Si la réduction des émissions de gaz à effet de serre est un objectif partagé, l’adaptation au changement climatique reste difficile à concrétiser. Pourtant certaines collectivités s’y essaient, en élaborant des scénarios pour mieux appréhender les impacts sur leur activité et leur population. Elles travaillent sur l’urbanisme et la végétalisation en ville, voire sur le repli stratégique des activités et habitations face au recul du trait de côte. Les plus exposées sont souvent les plus réactives. La région Nouvelle-Aquitaine est, dans cette logique et avec la Guadeloupe, l’une des plus avancées dans le domaine.
Penser local, agir local
La Nouvelle-Aquitaine a pris une longueur d’avance en matière de connaissance et d’expertise. Elle s’est dotée d’un comité scientifique sur le changement climatique, AcclimaTerra, qui réunit une vingtaine de scientifiques issus des milieux académiques de la région. Face à l’érosion qui grignote ses côtes, elle s’interroge sur la possibilité de reconstruire en arrière littoral. Sur les sept sites ayant le plus travaillé en France sur cet enjeu, dans le cadre d’un appel à projets national lancé dès 2012, trois sont en Aquitaine.

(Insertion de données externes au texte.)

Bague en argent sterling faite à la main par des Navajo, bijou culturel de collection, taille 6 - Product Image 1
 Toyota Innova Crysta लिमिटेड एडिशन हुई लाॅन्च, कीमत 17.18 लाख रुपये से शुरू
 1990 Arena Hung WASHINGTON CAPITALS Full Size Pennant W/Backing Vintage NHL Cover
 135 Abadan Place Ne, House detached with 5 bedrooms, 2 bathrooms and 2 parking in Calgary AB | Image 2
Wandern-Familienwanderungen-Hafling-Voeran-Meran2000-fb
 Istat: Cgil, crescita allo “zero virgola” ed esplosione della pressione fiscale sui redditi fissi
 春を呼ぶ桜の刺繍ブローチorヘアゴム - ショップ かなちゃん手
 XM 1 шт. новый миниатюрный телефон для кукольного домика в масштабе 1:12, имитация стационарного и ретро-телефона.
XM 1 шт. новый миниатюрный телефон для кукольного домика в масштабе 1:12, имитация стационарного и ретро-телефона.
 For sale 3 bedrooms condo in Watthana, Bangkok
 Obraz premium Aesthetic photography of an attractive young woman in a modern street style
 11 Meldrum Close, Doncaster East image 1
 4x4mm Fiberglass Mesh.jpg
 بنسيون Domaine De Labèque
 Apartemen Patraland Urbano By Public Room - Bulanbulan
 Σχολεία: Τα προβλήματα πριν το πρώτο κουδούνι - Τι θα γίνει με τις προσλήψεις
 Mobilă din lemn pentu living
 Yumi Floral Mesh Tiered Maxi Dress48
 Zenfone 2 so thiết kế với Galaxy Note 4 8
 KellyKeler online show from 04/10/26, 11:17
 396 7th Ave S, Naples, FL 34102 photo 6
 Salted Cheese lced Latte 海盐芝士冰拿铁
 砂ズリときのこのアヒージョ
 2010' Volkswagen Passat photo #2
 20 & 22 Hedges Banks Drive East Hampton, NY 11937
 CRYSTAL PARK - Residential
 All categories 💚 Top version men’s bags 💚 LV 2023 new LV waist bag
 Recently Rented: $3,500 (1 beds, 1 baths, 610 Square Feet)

De formation scientifique, l’élue Françoise Coutant, vice-présidente en charge du climat et de la transition énergétique, vise des avancées concrètes dans le domaine. Et rappelle que si un cadrage national est en route, il faut qu’il soit “adaptable et pragmatique pour les territoires”. Lever les incertitudes reste essentiel, car autant les stratégies territoriales de réduction des émissions sont bien engagées, avec en ligne de mire les objectifs de la dernière loi sur la transition énergétique, autant le volet adaptation est plus flou. Non seulement parce que l’urgence n’est pas encore dans toutes les têtes mais aussi et surtout parce que les données locales concrètes ne sont pas disponibles. “Or réfléchir à l’adaptation au changement climatique au niveau national, c’est bien mais cela ne suffit pas”, pointe Jean Jouzel, conseiller au Conseil économique, social et environnemental (Cese).
Un plan national en vue
Le climatologue et ancien vice-président du Giec (Groupe d’experts intergouvernemental sur l’évolution du climat) participe à l’élaboration de la nouvelle stratégie nationale d’adaptation 2017-2021 : “L’accent y sera mis sur cette importance des déclinaisons territoriales. Pour un maire sur le littoral atlantique ou celui d’une commune montagnarde, les enjeux ne se posent pas de la même façon.” Il invite les régions à coopérer sur le sujet et à tenir compte des spécificités de l’outre-mer.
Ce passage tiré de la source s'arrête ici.